Para el cuarto, con el botín alcanzado, ahora el mayor problema será salir indemne de Valledupar con el cargamento. Incluso, permite el giro medio cómico de la trama, cuando el camión se vara y los policías, en lugar de requisarlo, corren en apoyo del mismo, empujándolo para que arranque. Y vienen las ideas de cada ladrón de qué hacer con el dinero, pero la noticia no iba a tardar en estar en todos lados, y comienzan a buscarse los cabos sueltos del operativo, entre ellos, el maltrecho abogado, quien tuvo que abandonar el centro de operaciones remotas para garantizar la salida del camión.
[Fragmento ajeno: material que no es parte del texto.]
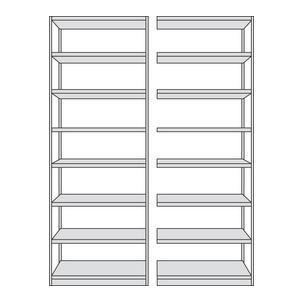 1) Grund-Regal / 2) Anbau-Regal 50945211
Pero las imprudencias con el dinero iban a ponerlos en evidencia más pronto de lo que se pensaría. Los seriales de los billetes iban a ser su talón de Aquiles, hasta el punto de volverlos completamente inútiles en el mercado. Así, los ajustes de cuentas estarían a la orden del día, sobre todo contra Doña K, cuya muerte es otro de los lunares de la trama.

Por giros del destino, Chayo se salva de morir porque el gobierno decide que, para no afectar más la economía de una región Caribe donde el dinero estaba circulando, los billetes robados recuperarían su valor. Pero ello no libra al grupo de intervinientes de este atraco de vérselas, de una u otra manera, con la Ley. Muy diciente fue esa relación bisexual entre el mecánico y su amante policía, que desataría el comienzo del fin en el sexto y último episodio.  La fiesta de quince años de la hija de Chayo sería ese momento en que nuestros antihéroes creen que todo marcha relativamente bien, pero en realidad va camino de irse a la mierda: Se resquebraja para siempre la relación entre Chayo y El Sardino,  El Dragón es amenazado por el amante del mecánico (que en realidad sería un agente infiltrado)  en busca de más dinero y se termina entregando ante las autoridades, no sin antes hundir al corrupto Monroy. Al Abogado, el trasplante le resulta fallido por las heridas de bala y decide entregarse y morir en prisión, y la esposa de Chayo (uno de los personajes que terminé odiando por ser demasiado insulsa y estúpida)  descubre la pantomima de relación en la que vive, abandonándolo. Sin nada que perder, la captura, años después, de Chayo es tan solo el cierre del ultimo capitulo.

Con todo, varias preguntas se quedan sin respuesta, a pesar de lo bien conducido, en líneas generales, del libreto de la serie: ¿Un paciente renal bebiendo alcohol y fumando, y ausentándose de sus diálisis? ¿Un hotel en Valledupar cerca de la sede del banco casi decorado como si fuera uno en Bogotá? ¿Por qué la musicalización excesiva se vuelve una regla general de nuestras producciones en Netflix? ¿Eran necesarias esas expresiones nada sincrónicas con el año 1994 como “arrocito en bajo” o “Abogángster” o mostrar en emisión televisiva una novela como Eternamente Manuela? ¿O esa alusión a Amar y vivir por el personaje de Waldo Urrego? ¿Era necesaria esa escena de Tappan con los billetes estilo meme de Kim Kardashian? ¿Imputación de cargos contra el gerente del Banco, en pleno 1994?

En fin,  debo confesar que mis expectativas no eran muy altas y se superaron. Amé el personaje de Benjumea, tanto que su muerte me perturbó. Me pareció el giro machista de la trama. También valoro positivamente el personaje de Vélez como la esposa cómplice de Tappan. La escena de la entrega de éste me conmovió, y eso pasa pocas veces. En definitiva, me parece un producto que vale la pena ver ( y esto también pasa muy pocas veces) en Netflix, a pesar de mis peros. Como en este 2020 no tendremos Los Años Tenebrosos de la televisión colombiana, no indicaremos más si optan o no al rescate.